Give back every record exactly, with its pictures left out.

_Provided material_
______________________________

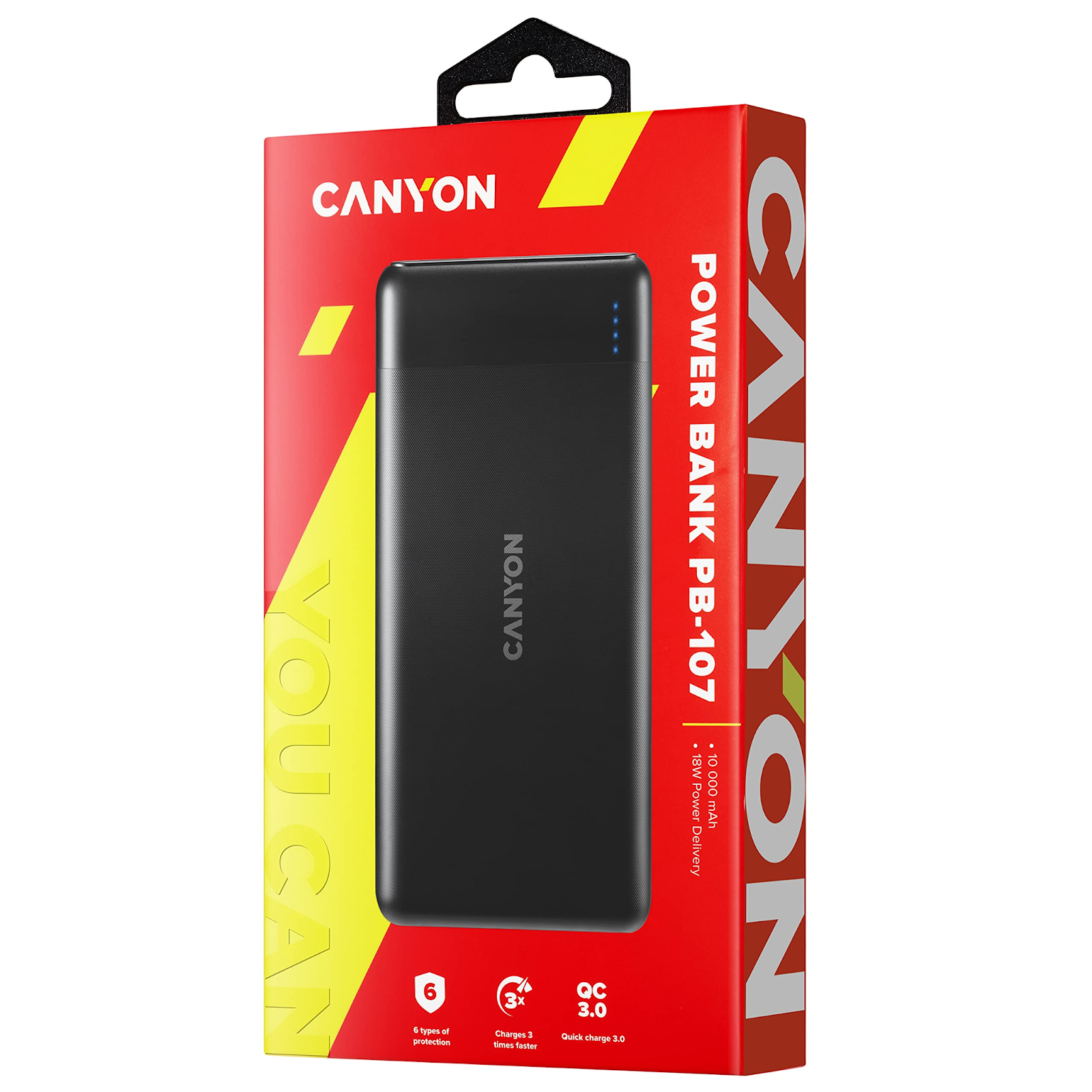 Power Bank 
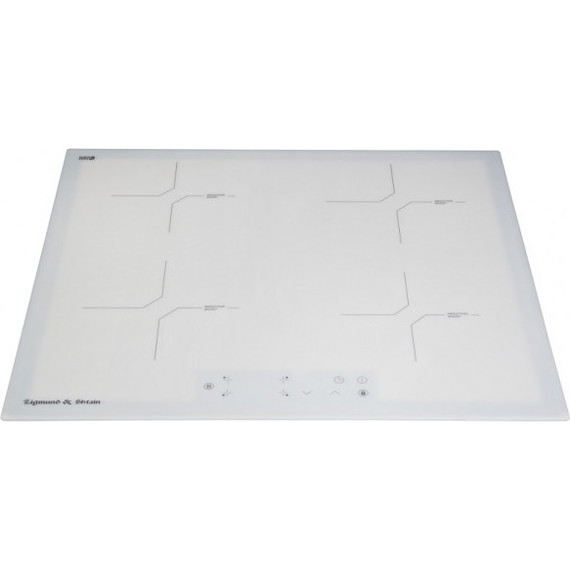 Индукционная варочная поверхность Zigmund & Shtain CI 33.6 W - фото 2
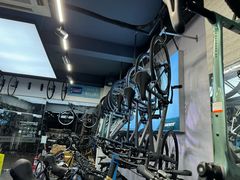 -GIANT捷安特自行车专卖店(金桥台儿庄路店)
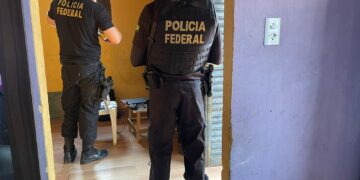 Suspeito de armazenar pornografia infantil é preso durante operação no Piauí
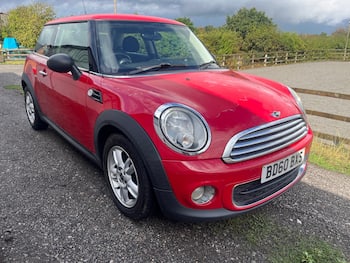 Used MINI Hatch 2010 for sale - 79720254: Photo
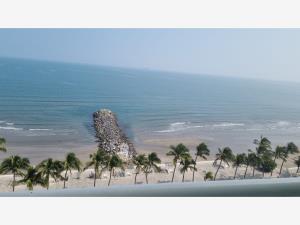 Departamento en renta en Playa Hermosa, Boca del Río — foto 2 de 18
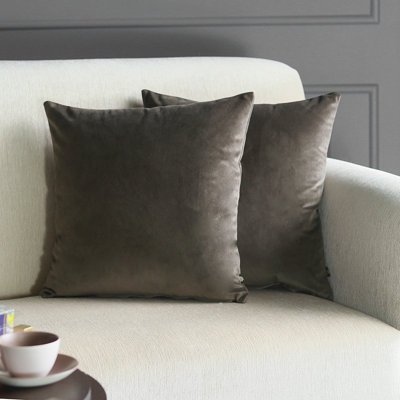 Davos Square Pillow Cover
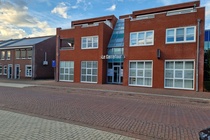 Kantoorruimte te huur Echt - Prins Bernhardstraat 25a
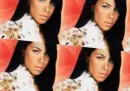 Aaliyah - Baby Girl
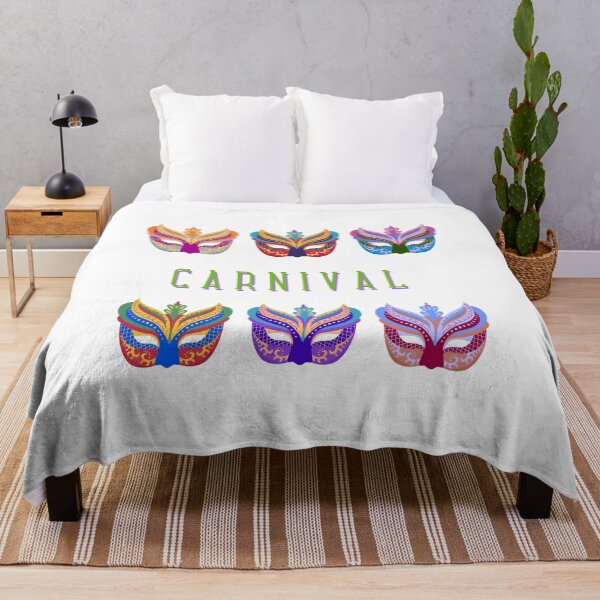 Item preview,  Carnival masks designed and sold by studio468.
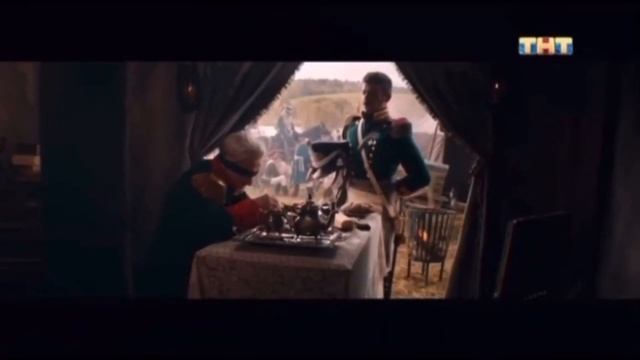 Showreel Андрей Гаркунов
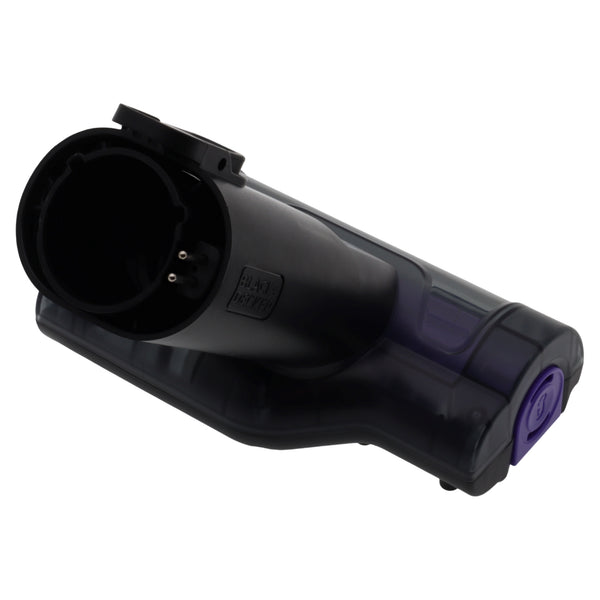 Black & Decker PET brush broom vacuum cleaner SummitSeries Select BHFEA640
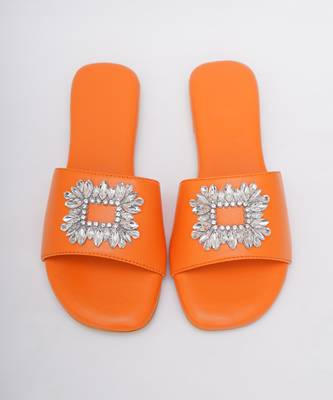 Orange Brooch Flats 1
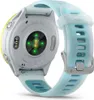 Garmin Forerunner 570 - 47mm - Whitestone / Turquoise Produktbild-Vorschau 3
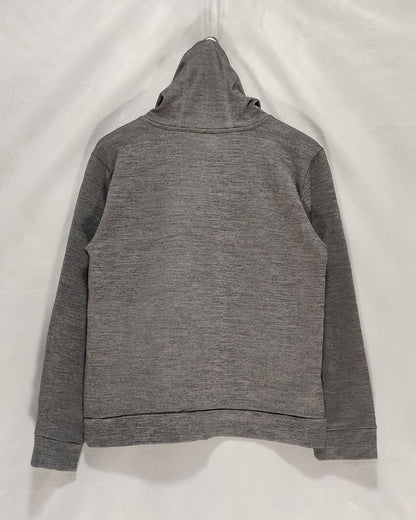 Adidas Gray Hoodie For Women 16 Years
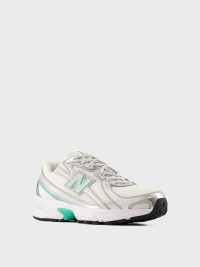 Кроссовки New Balance 740 белые G7402H8 изображение 5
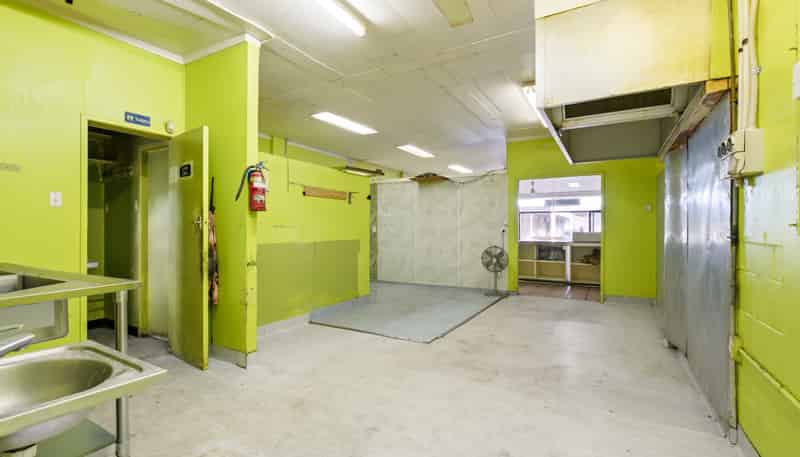 Shop 55 Town Centre, Turangi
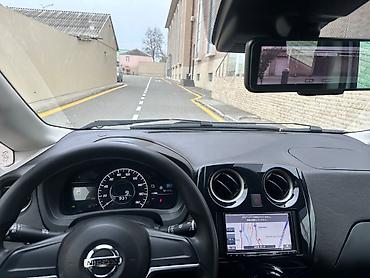 Nissan: Nissan Note: 1.2 l | 2020 il — 13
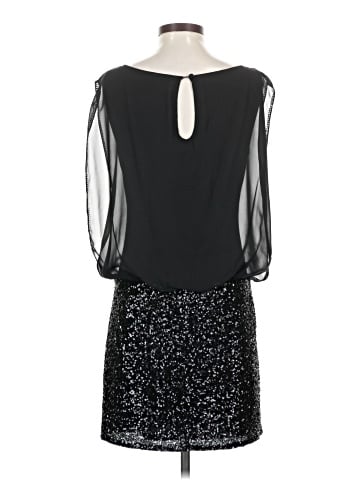 Aidan by Aidan Mattox Cocktail Dress (view 2)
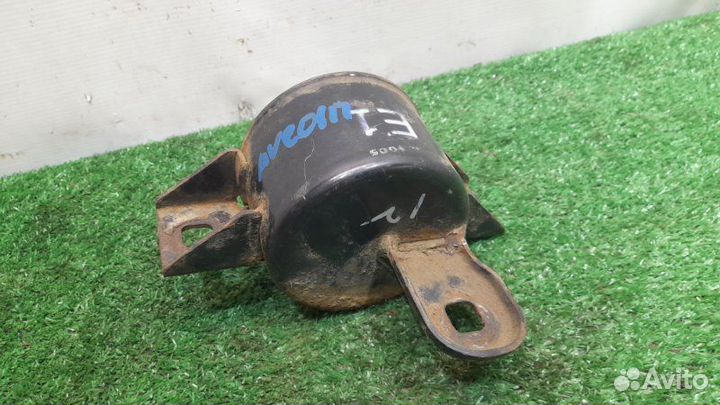 Опора (подушка) двигателя правая Chevrolet Aveo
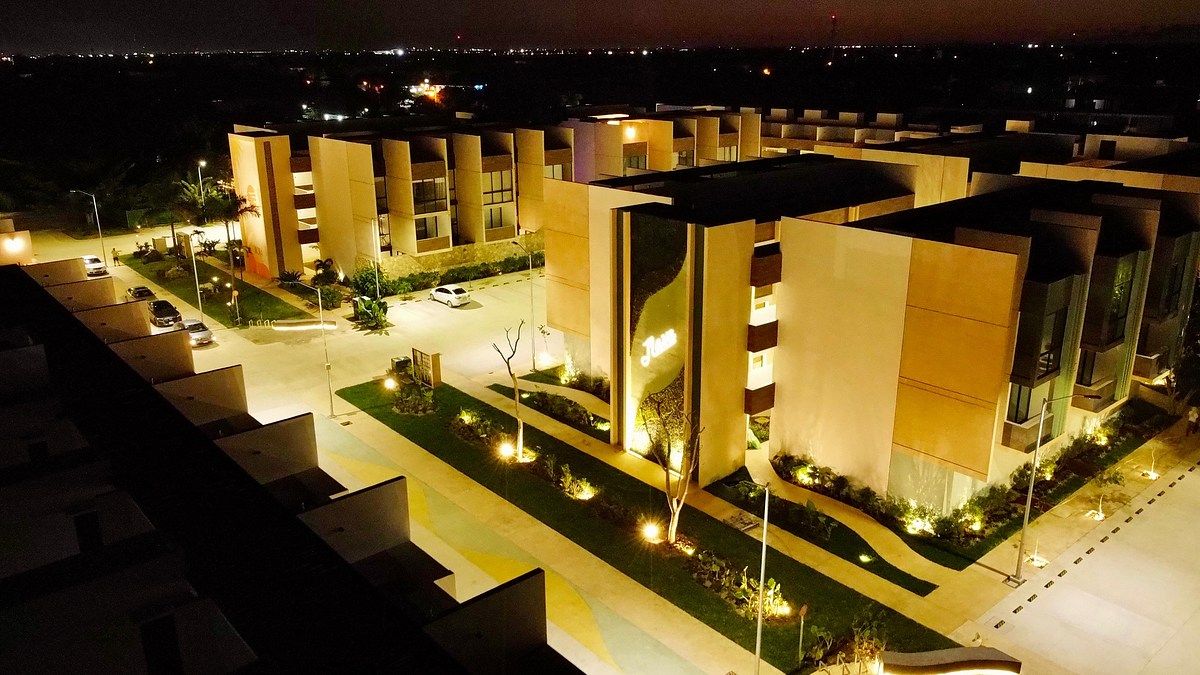 17 de 17: Vista Áerea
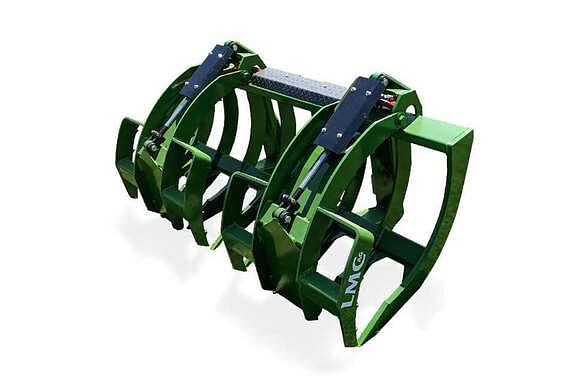 Image of LMC Heavy Duty Grapple Image 0
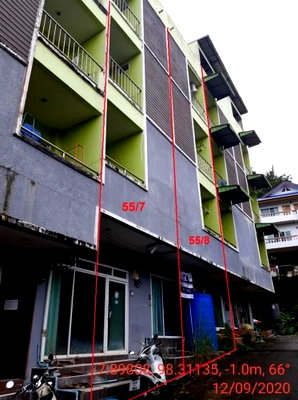 อาคารพาณิชย์ ภูเก็ต : อาคารพาณิชย์ สำหรับขาย อาคารพาณิชย์ ทรัพย์หมื่นล้าน กะทู้-ภูเก็ต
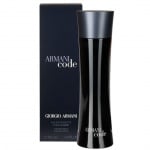 Armani Code EDT 125 M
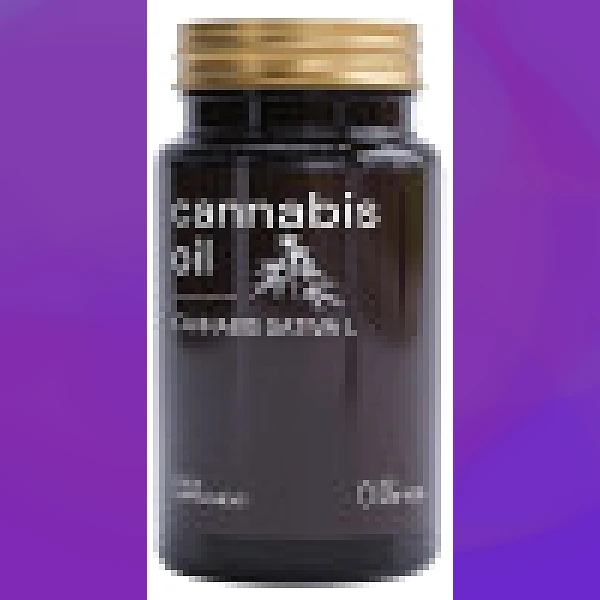 Cannabis Oil Prostatitis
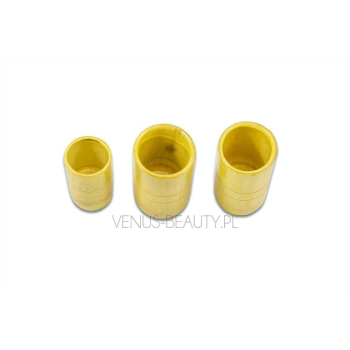 PODCIŚNIENIOWE KUBKI BAMBUSOWE Beauty SS!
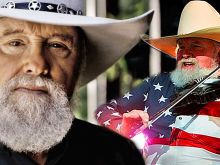 Charlie Daniels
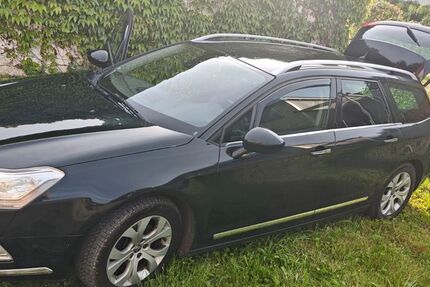 Citroen C5 X 360.000 km 2.100 &euro; Einhausen 64683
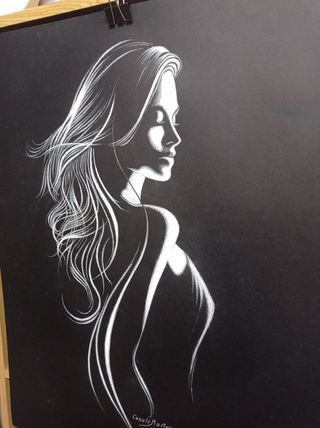 DibujoaMano65x50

______________________________

_Answer box_
 Power Bank 
 Индукционная варочная поверхность Zigmund & Shtain CI 33.6 W - фото 2
 -GIANT捷安特自行车专卖店(金桥台儿庄路店)
 Suspeito de armazenar pornografia infantil é preso durante operação no Piauí
 Used MINI Hatch 2010 for sale - 79720254: Photo
 Departamento en renta en Playa Hermosa, Boca del Río — foto 2 de 18
 Davos Square Pillow Cover
 Kantoorruimte te huur Echt - Prins Bernhardstraat 25a
 Aaliyah - Baby Girl
 Item preview,  Carnival masks designed and sold by studio468.
 Showreel Андрей Гаркунов
 Black & Decker PET brush broom vacuum cleaner SummitSeries Select BHFEA640
 Orange Brooch Flats 1
 Garmin Forerunner 570 - 47mm - Whitestone / Turquoise Produktbild-Vorschau 3
 Adidas Gray Hoodie For Women 16 Years
 Кроссовки New Balance 740 белые G7402H8 изображение 5
 Shop 55 Town Centre, Turangi
 Nissan: Nissan Note: 1.2 l | 2020 il — 13
 Aidan by Aidan Mattox Cocktail Dress (view 2)
 Опора (подушка) двигателя правая Chevrolet Aveo
 17 de 17: Vista Áerea
 Image of LMC Heavy Duty Grapple Image 0
 อาคารพาณิชย์ ภูเก็ต : อาคารพาณิชย์ สำหรับขาย อาคารพาณิชย์ ทรัพย์หมื่นล้าน กะทู้-ภูเก็ต
 Armani Code EDT 125 M
 Cannabis Oil Prostatitis
 PODCIŚNIENIOWE KUBKI BAMBUSOWE Beauty SS!
 Charlie Daniels
 Citroen C5 X 360.000 km 2.100 &euro; Einhausen 64683
 DibujoaMano65x50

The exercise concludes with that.